Create Certificates

Contents
casp1032
Secure Domain Manager uses digital certificates to ensure the security. The default certificates are provided with your
DX NetOps Spectrum
installation and site-specific certificates can be created using the CertGen tool.
Default Certificates
If you want to use the default certificates, do not perform any actions. All default files reside in the <
$SPECROOT
>/SDM/cert directory and include the following files:
  • SDMCA.pem
    Certificate authority. Distribute this file to any computer that uses Secure Domain Manager or Secure Domain Connector in any capacity and can be treated as a trusted CA file.
  • SDMCAKey.pem
    Private key of CA. It can be used to issue certificates but should not necessarily be distributed to any machines.
  • SDMCert.p12
    Application certificate that is signed by SDMCA.pem. This is the certificate file that is used between SDManager and SDConnector. It should be carefully distributed to computers that deserve trust and used to assert the identity of those computers.
  • CertGen[.exe]
    Program that is used to generate the site-specific certificate authority, key file, and certificate file. Run CertGen -h to review all certificate options available.
  • openssl[.exe]
    OpenSSL open source implementation of the SSL protocol.

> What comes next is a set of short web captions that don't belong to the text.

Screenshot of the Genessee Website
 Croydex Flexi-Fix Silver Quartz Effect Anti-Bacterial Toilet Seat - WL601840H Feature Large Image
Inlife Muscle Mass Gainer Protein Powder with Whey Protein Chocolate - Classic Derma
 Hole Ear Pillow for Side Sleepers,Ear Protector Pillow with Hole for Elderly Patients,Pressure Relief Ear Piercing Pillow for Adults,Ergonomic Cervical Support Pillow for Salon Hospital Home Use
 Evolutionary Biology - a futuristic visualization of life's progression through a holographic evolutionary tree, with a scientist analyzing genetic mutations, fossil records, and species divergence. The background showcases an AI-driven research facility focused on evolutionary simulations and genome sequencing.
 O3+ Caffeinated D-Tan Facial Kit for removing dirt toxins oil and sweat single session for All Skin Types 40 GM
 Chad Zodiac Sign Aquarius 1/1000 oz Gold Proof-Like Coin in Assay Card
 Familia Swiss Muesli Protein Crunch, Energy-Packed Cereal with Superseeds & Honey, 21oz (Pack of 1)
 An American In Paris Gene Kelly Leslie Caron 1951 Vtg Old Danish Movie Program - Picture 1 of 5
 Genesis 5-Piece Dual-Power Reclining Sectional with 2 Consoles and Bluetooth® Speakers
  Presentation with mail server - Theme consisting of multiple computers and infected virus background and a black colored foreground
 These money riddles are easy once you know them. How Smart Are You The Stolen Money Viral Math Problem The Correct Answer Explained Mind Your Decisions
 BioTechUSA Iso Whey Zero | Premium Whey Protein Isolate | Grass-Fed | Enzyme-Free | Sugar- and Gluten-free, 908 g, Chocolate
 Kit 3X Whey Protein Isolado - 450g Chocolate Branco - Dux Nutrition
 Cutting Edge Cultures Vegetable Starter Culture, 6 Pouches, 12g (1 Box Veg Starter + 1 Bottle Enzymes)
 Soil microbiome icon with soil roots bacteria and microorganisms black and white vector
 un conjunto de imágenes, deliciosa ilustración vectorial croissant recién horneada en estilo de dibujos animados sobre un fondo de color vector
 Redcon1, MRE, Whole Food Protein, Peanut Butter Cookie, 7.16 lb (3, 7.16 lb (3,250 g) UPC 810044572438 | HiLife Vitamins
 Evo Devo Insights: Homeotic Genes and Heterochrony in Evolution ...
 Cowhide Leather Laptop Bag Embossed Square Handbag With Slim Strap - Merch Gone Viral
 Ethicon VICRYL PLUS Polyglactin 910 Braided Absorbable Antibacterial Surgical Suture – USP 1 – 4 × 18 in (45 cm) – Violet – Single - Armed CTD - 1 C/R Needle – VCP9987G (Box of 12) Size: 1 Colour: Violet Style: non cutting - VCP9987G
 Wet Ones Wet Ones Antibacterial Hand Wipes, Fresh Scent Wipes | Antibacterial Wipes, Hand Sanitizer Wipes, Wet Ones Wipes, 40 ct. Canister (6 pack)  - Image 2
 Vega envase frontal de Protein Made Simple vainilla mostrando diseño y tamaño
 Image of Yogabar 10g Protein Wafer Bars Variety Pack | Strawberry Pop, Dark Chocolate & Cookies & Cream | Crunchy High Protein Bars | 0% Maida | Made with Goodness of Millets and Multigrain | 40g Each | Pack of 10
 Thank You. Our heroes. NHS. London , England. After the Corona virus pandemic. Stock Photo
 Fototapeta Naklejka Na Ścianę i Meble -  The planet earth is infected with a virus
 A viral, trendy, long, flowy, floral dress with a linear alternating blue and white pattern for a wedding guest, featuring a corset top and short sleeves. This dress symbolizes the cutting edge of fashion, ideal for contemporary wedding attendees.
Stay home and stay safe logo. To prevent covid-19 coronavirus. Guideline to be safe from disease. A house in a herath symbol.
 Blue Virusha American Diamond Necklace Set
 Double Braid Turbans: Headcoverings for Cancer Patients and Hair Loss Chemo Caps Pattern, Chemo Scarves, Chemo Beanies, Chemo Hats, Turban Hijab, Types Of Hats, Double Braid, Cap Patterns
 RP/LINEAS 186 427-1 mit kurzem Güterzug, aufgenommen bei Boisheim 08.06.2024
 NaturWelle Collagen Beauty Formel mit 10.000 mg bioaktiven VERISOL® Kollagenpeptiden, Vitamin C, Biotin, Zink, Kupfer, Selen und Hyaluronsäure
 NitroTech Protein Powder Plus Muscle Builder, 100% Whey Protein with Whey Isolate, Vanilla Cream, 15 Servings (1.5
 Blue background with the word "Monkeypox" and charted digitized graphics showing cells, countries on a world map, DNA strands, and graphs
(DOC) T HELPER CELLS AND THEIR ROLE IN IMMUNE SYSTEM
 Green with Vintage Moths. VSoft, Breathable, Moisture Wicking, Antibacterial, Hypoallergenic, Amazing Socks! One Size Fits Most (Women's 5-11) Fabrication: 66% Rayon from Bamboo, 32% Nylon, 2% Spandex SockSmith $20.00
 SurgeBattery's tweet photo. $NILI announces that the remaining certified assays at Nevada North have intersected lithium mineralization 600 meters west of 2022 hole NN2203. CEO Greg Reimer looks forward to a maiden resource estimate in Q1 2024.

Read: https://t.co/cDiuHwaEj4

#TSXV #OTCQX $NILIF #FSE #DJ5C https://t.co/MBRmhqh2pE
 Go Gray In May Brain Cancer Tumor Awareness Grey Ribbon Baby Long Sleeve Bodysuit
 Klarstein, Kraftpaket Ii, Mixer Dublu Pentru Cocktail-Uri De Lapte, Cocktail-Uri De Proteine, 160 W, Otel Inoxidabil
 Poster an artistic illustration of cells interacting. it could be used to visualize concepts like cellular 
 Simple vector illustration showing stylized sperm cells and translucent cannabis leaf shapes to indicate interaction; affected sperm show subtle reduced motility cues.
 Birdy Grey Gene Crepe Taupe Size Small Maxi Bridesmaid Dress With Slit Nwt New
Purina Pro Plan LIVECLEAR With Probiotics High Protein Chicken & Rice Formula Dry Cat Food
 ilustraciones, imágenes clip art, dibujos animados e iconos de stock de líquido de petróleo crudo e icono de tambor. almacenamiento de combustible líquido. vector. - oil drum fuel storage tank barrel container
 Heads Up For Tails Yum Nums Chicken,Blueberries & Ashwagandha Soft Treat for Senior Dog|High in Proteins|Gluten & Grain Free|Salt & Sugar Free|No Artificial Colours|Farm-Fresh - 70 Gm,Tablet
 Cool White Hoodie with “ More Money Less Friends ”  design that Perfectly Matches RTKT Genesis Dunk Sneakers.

Site-Specific Certificates
If you want to create site-specific certificates, move the default certificate files (*.pem and *.p12) to another location on the hard drive. Perform the following procedures to create and deploy the custom certificates.
Create Site-Specific Certificates
Create site-specific certificates for better security. Create these certificates on a single computer that only qualified personnel can access. This computer can be the SDManager host.
You must have administrator or root privileges to create the SSL certificates for Secure Domain Manager.
Follow these steps:
  1. Run the following command to create a certificate authority certificate and the private key for the certificate authority certificate:
    CertGen -t ca -c US
    You only have to perform this step once to create the necessary certificate authority certificate for your organization.
    The following files are created:
    1. SDMCA.pem
    2. SDMCAKey.pem
    The default certificate authority and key file that come with Secure Domain Manager are read-only files. If you receive a permission error, check your user privileges or move SDMCA.pem and SDMCAKey.pem to another location and run the command again.
  2. Run the following command to create a certificate for the SDManager:
    CertGen -t cert -c <Country Code>
    The SDMCert.01.p12 file is created.
  3. (Optional) For the added security, use the -p option to generate the certificate with a password as follows:
    CertGen -t cert -p <password> -c <Country Code>
    Enter the password in the sdc.config file and sdm.config file.
  4. Rename SDMCert.01.p12 to SDMCert.p12.
    The new site-specific certificate is ready for use.
Deploy Site-Specific Certificates
After you create your certificate files, perform the following tasks:
  • Deploy the certificate files on the SDManager hosts and on the SDConnector hosts.
  • Restart the SpectroSERVER on the SDManager hosts and the SDConnector process on the SDC hosts.
To deploy certificates, copy the SDMCA.pem file that you created to the 
<$SPECROOT>
/SDM/cert directory on the SDManager host computer and to the cert directory under the SDConnector installation on the SDConnector hosts that will connect to the SDManager host. Administrator, or root should own the SDMCert.p12 file.
Retain the SDMCAKey.pem file on the computer where you plan to create more certificates. Restrict the file to authorized personnel only. This computer can be the SDManager host computer but is not a requirement.
After the certificates have been deployed, restart both the SpectroSERVER on the SDManager hosts and the SDConnector process on the SDC hosts. For information on restarting the SDConnector Process, see Start, Stop, and Restart the SDConnector Process on Windows or Start, Stop, and Restart the SDConnector Process on Linux.